Based in Dubai, Telegram was founded by Russian-born Durov. He left Russia in 2014 after refusing to comply with government demands to shut down opposition communities on his VK social media platform, which he sold.
Durov was travelling aboard his private jet, TF1 said on its website, adding he had been targeted by an arrest warrant in France as part of a preliminary police investigation.
TF1 and BFM both said the investigation was focused on a lack of moderators on Telegram, and that police considered that this situation allowed criminal activity to go on undeterred on the messaging app.
Telegram did not immediately respond to a Reuters request for comment. The French Interior Ministry and police had no comment.
After Russia launched its invasion of Ukraine in 2022, Telegram has become the main source of unfiltered – and sometimes graphic and misleading – content from both sides about the war and the politics surrounding the conflict.
The app has become preferred means of communications for Ukraine’s President Volodymyr Zelenskiy and his officials.

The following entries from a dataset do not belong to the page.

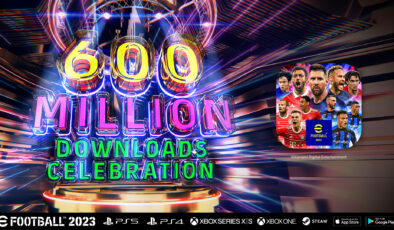 eFootball™ 2023 dünya çapında 600 milyon indirmeyi aştı!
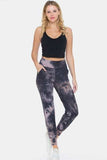 Leggings Depot Tie-Dye High Waist Cropped Leggings - Trendsi - Flyclothing LLC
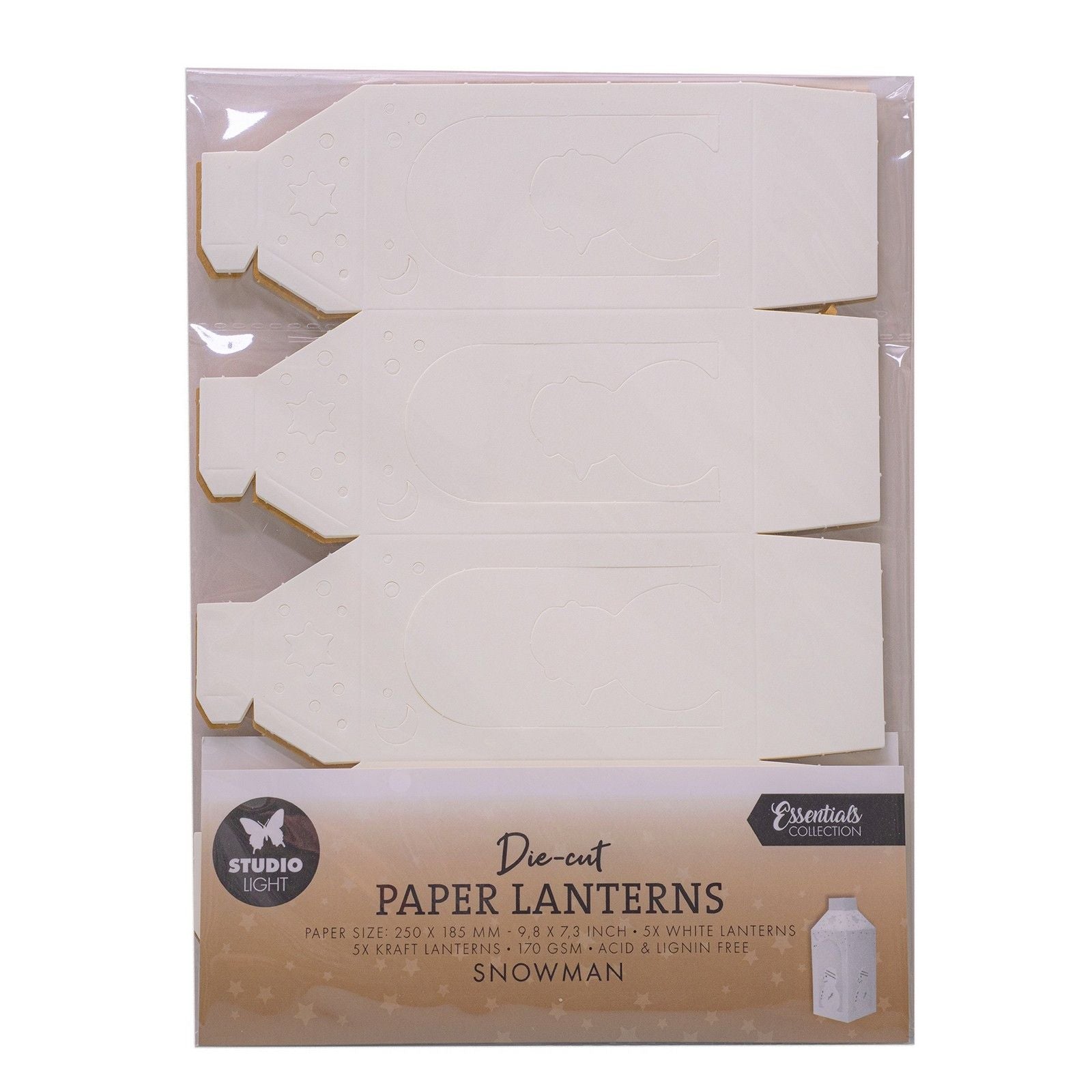 Studio light • essentials die-cut paper lanterns snowman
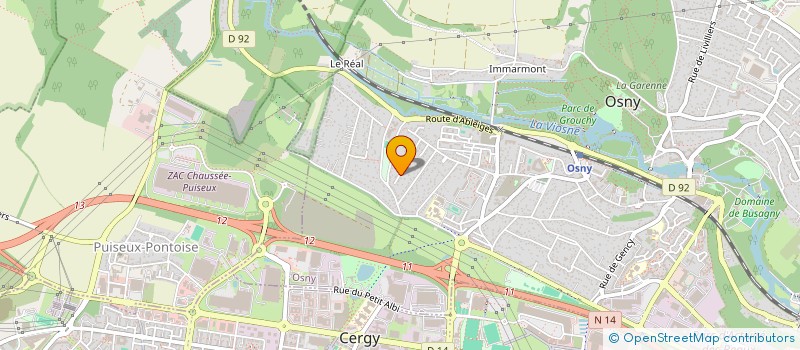 localisation de l'entreprise VPB - BUREAU D'ETUDES à OSNY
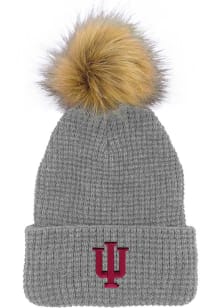 LogoFit Indiana Hoosiers Grey Belgian Womens Knit Hat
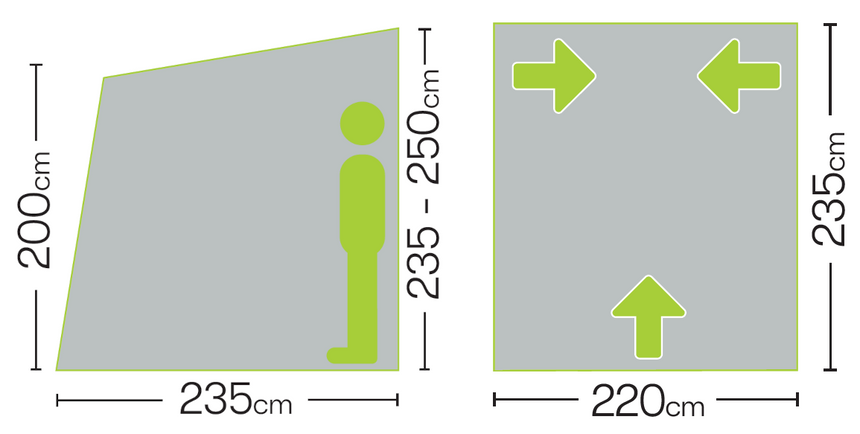Quest Leisure Falcon Air 220 Inflatable Caravan Porch Awning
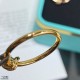 V gold material . ZP open version, Tiffany CNC hand with diamonds T rope knot ring   code 5678   The intertwined ends are a powerful symbol of emotional connection, elegant temperament models, cost-effective Super high T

The Kremlin and the Russian government also use it to disseminate their news. It has also become one of the few places where Russians can access news about the war.
TF1 said Durov had been travelling from Azerbaijan and was arrested at around 20:00 (18:00 GMT).
Durov, whose fortune was estimated by Forbes at $15.5 billion, said some governments had sought to pressure him but the app, which has now 900 million active users, should remain a “neutral platform” and not a “player in geopolitics”.
Russia’s embassy in France told the Russian state TASS news agency that it was not contacted by Durov’s team after the reports of the arrest, but it was taking “immediate” steps to clarify the situation.
Russia’s representative to international organisations in Vienna, Mikhail Ulyanov, and several other Russian politicians were quick to accuse France of acting as a dictatorship.
“Some naive persons still don’t understand that if they play more or less visible role in international information space it is not safe for them to visit countries which move towards much more totalitarian societies,” Ulyanov wrote on X.
Several Russian bloggers called for protests at French embassies throughout the world at noon on Sunday.